Burger King’s beef-free Whopper may not be so meatless after all — at least according to one vegan customer.

That’s the argument being made in a lawsuit filed Monday in the U.S. District Court for the Southern District of Florida, in which the plaintiff, Phillip Williams, claims the fast-food chain failed to disclose that its plant-based Impossible Whoppers are cooked on the same grills as beef products.

The class action suit accuses Burger King of undertaking “false and misleading business practices” in the marketing and sale of its meatless burgers and notes that vegans would not purchase the Impossible patties if they knew they had been prepared next to meat options.

Williams, who practices “a strict vegan diet,” bought an Impossible Whopper at a drive-thru in Atlanta in August or around that time, according to court documents. The complaint said he was “duped by Burger King’s deceptive practices into eating a meat-free Whopper Patty that was in fact covered in meat byproducts,” though it did not specify how he came to know this was the case.
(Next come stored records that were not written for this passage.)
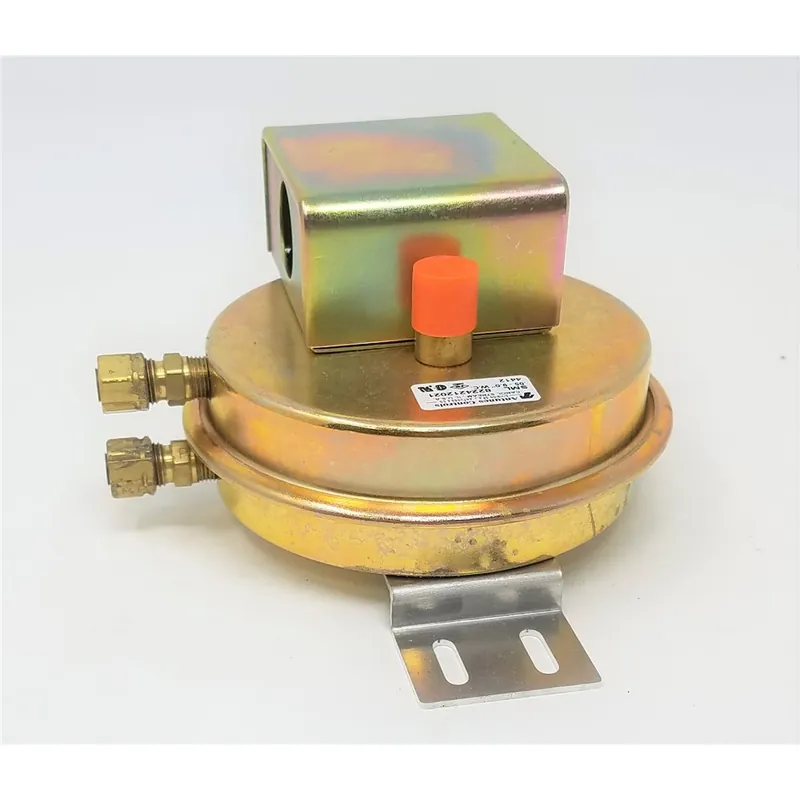 Antunes SML-8224212021 pressure switch .05-9 wc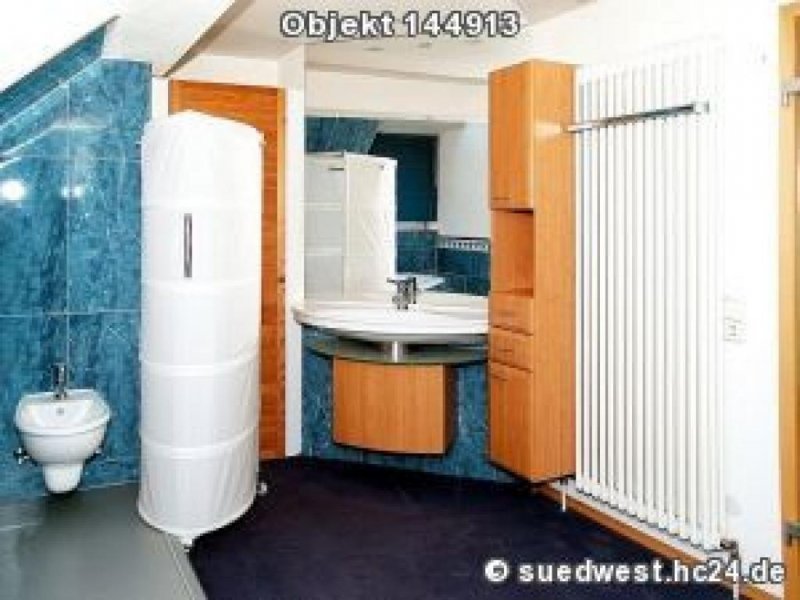 Landau in der Pfalz Landau: 1-Zimmer Wohnung mit großem Bad und Balkon Wohnung mieten
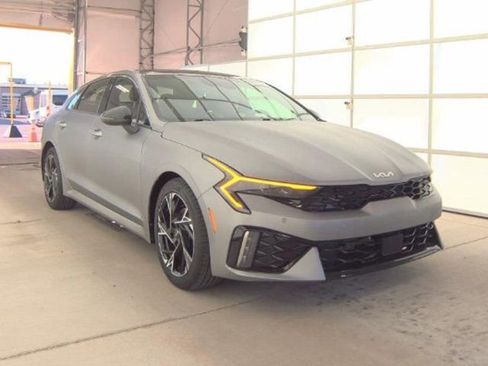 Used 2025 Kia K5 GT-Line w/ GT-Line Premium Package image 2
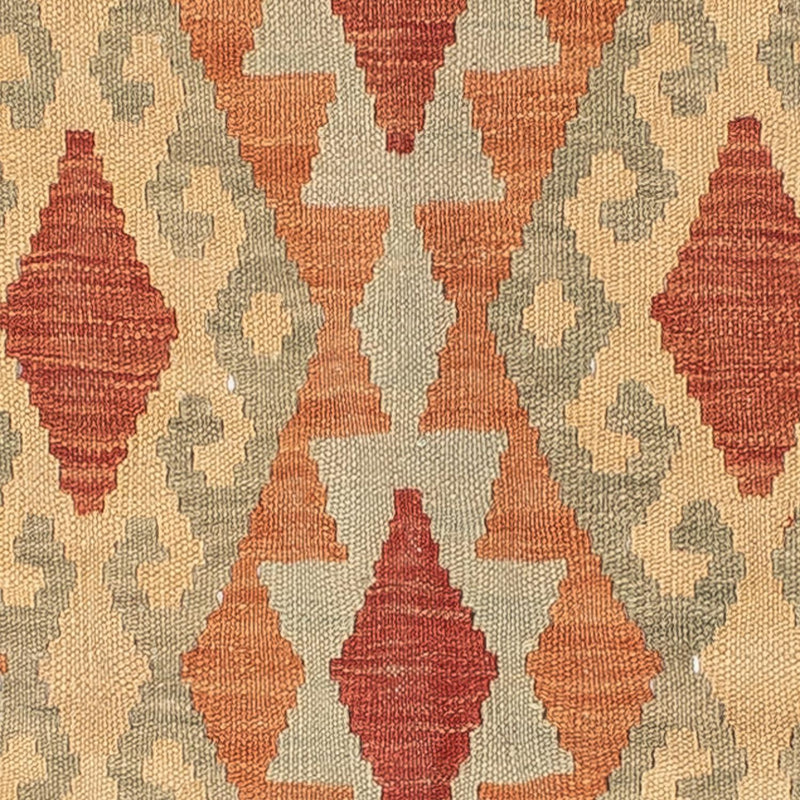 Tapis Kelim - Oriental - 203 x 145 cm - multicolore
The complaint calls on the fast-food chain to return all the profits it had gained from selling the meat-free alternative, including the money Williams paid.

Burger King declined to discuss the matter today. “We do not comment on pending litigation,” a company representative said in an email. Williams could not immediately be reached for comment.

Burger King developed the Impossible Whopper in conjunction with Impossible Foods, a company in California that develops plant-based alternatives to meat products. It and other companies, including Los-Angeles-based producer Beyond Meat, are part of a rising food industry trend toward imitating or replacing meat options.

It is not the first time this year Burger King has faced criticism over its meatless burger.

In early June, the company apologized after it was surfaced that a Brooklyn, New York-area location had been delivering beef Whoppers to customers who had ordered Impossible Whoppers on the Seamless app. Burger King ascribed the problem to a “technology error,” according to several news reports.